Search for a command to run...

Handling Errors and Cleanup in Temporal Workflows (TypeScript)

A guide to error handling and cleanup in Temporal workflows, covering the Saga pattern, retry policies, and cleanup triggers on failure.

Updated
15 min read
Handling Errors and Cleanup in Temporal Workflows (TypeScript)
R

https://github.com/robinbraemer

Developing robust Temporal workflows involves anticipating failures and ensuring that any necessary cleanup or compensating actions occur regardless of how a workflow or activity fails. This includes handling activity exceptions, workflow errors, timeouts, and cancellations. Below, we outline best practices for error handling in Temporal (TypeScript), including the Saga pattern for compensating transactions, use of retry policies, and how to trigger cleanup activities on failure.

Common Failure Scenarios in Temporal

Temporal workflows can fail in several ways, each requiring proper handling:

Understanding these scenarios allows us to design workflows that catch failures and ensure a cleanup Activity or compensating transaction runs in all cases.

Compensating Transactions and the Saga Pattern

For workflows that perform multiple steps (especially across external systems) and need all-or-nothing semantics, use the Saga pattern (compensating transactions). In Temporal, you implement Sagas by pairing each forward operation with a corresponding compensation operation that can undo it (Saga Compensating Transactions | Temporal) (Saga Compensating Transactions | Temporal). If any step fails, previously completed steps are rolled back by invoking their compensations in reverse order, leaving the overall system in a consistent state (as if the workflow's side effects never happened).

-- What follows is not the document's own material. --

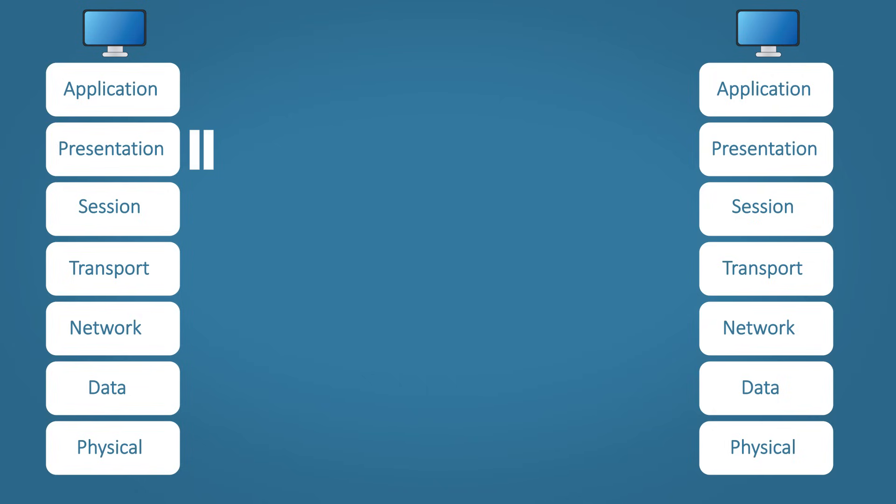Step two, presentation layer. The data is formatted in a way the receiving device will understand. In this example, probably ASCII. This layer could also encrypt the data if needed.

Temporal's TypeScript SDK does not have a built-in Saga helper (unlike the Java SDK’s Saga class), but it's straightforward to implement:

  1. Perform each activity and record its compensation: After each successful activity, record a compensation function (e.g., an Activity that reverses that step) in a list. For example, if you create a record in one activity, record a compensating activity to delete that record.

  2. On failure, run compensations in reverse order: In the Workflow’s catch block, iterate through the recorded compensation functions and call them (typically in reverse order of the original operations). Each compensation should be designed to safely handle the case where the original operation might not have fully completed (idempotent or conditional undo logic).

  3. Optionally, handle compensation failures: If a compensation action itself fails, log or handle it appropriately (Temporal will by default retry activities, so a failed compensation activity can be retried as well). The workflow should still attempt all compensations even if one of them fails.

TypeScript Workflow example using Saga pattern:

import { CancellationScope } from '@temporalio/workflow';
type Compensation = () => Promise<void>;

export async function OrderWorkflow(): Promise<void> {
  const compensations: Compensation[] = [];
  try {
    // Step 1: Perform operation and record its compensation
    await createOrder(); 
    compensations.unshift(async () => { await deleteOrder(); });  // compensation for step 1

    // Step 2: Perform next operation
    await reserveInventory();
    compensations.unshift(async () => { await releaseInventory(); }); // compensation for step 2

    // Step 3: Perform another operation
    await chargePayment();
    compensations.unshift(async () => { await refundPayment(); });    // compensation for step 3

    // ... more steps as needed ...

  } catch (err) {
    // If any step fails, execute compensating actions for completed steps
    await CancellationScope.nonCancellable(async () => {
      for (const compensate of compensations) {
        try {
          await compensate();
        } catch (compErr) {
          console.error("Compensation failed:", compErr);
          // continue to next compensation even if one fails
        }
      }
    });
    throw err;  // rethrow to mark workflow as failed after compensation
  }
}

In the above example, each successful step pushes a compensating function onto a stack. If a failure occurs, we execute all collected compensations. We wrap the compensation loop in a non-cancellable scope to ensure it runs to completion even if the workflow was cancelled (more on this below). This pattern ensures that resources created or actions taken in earlier steps are undone when a later step fails (Saga Compensating Transactions | Temporal) (Saga Compensating Transactions | Temporal). Temporal’s documentation provides a similar example of collecting compensation callbacks in TypeScript (Saga Compensating Transactions | Temporal).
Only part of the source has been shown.